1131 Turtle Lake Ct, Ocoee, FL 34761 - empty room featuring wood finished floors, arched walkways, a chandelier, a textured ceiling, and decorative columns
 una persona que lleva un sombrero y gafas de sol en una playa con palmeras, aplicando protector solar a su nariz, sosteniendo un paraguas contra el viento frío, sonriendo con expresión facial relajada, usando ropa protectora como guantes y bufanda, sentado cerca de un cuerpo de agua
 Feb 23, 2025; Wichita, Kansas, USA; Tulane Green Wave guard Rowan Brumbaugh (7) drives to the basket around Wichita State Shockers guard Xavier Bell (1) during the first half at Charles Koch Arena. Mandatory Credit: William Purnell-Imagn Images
--------------------------------------------------
Everything from the line with "una persona que" to the end of the listing above needs to be duplicated exactly, both end lines included, with nothing more.

Solution to the problem:
 una persona que lleva un sombrero y gafas de sol en una playa con palmeras, aplicando protector solar a su nariz, sosteniendo un paraguas contra el viento frío, sonriendo con expresión facial relajada, usando ropa protectora como guantes y bufanda, sentado cerca de un cuerpo de agua
 Feb 23, 2025; Wichita, Kansas, USA; Tulane Green Wave guard Rowan Brumbaugh (7) drives to the basket around Wichita State Shockers guard Xavier Bell (1) during the first half at Charles Koch Arena. Mandatory Credit: William Purnell-Imagn Images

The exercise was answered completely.